Using the oxygen isotopic composition of pedogenic carbonates to calculate Earth-surface paleotemperatures is fraught with problems. These include: 1) the isotopic modification of soil water compared to meteoric water, 2) isotopic changes due to pedogenic carbonate recrystallization, and 3) the necessity of assuming a soil water oxygen isotopic composition when calculating temperatures. Modification to soil water is caused by evaporation and is extremely difficult to document once pedogenic carbonates have formed. Furthermore, there is no consensus on criteria that are useful for determining recrystallization of pedogenic carbonates although texture, cathodoluminesence, Sr isotopic composition, and trace element concentrations may all prove to be useful. We suggest that the necessity of assuming a soil water oxygen isotopic composition can be circumvented through the simultaneous solution of two equations that both describe the relationship between ambient temperatures and the oxygen isotopic composition of local precipitation. These published equations are: 1) the fractionation of oxygen isotopes from water into precipitating calcite and 2) the relationship between the oxygen isotopic composition of meteoric water and Earth surface temperature. The resulting equation is: –0.498 (K) ³ + (d¹⁸O _{calcite (SMOW)} + 153.04) (K) ² – 2.78 x 10⁶=0. This equation calculates surface temperatures from the measured oxygen isotopic compositions of pedogenic calcite.
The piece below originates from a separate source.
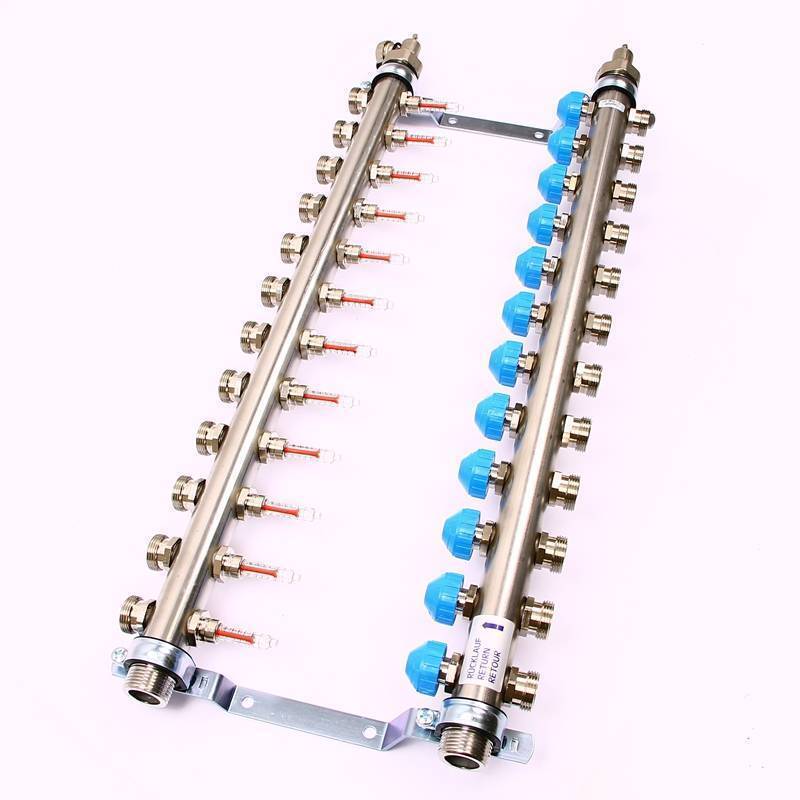 Коллекторная группа Uni-Fitt 1 x 3/4 12 выходов с расходомерами и термостатическими вентилями 455W4312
Reasonable Earth-surface temperatures can be calculated when this equation is applied to pedogenic carbonates that have oxygen isotopic values heavier than –10 per mil (PDB). We have applied this equation to pedogenic carbonates from a succession of late Cretaceous paleosols in west Texas. Our results show that mean annual temperatures during this time period hovered between 17 and 18 °C but were punctuated by two greenhouse events where temperatures rose by 4 °C. Paleobotanical studies document temperature fluctuations of the same magnitude during the late Cretaceous.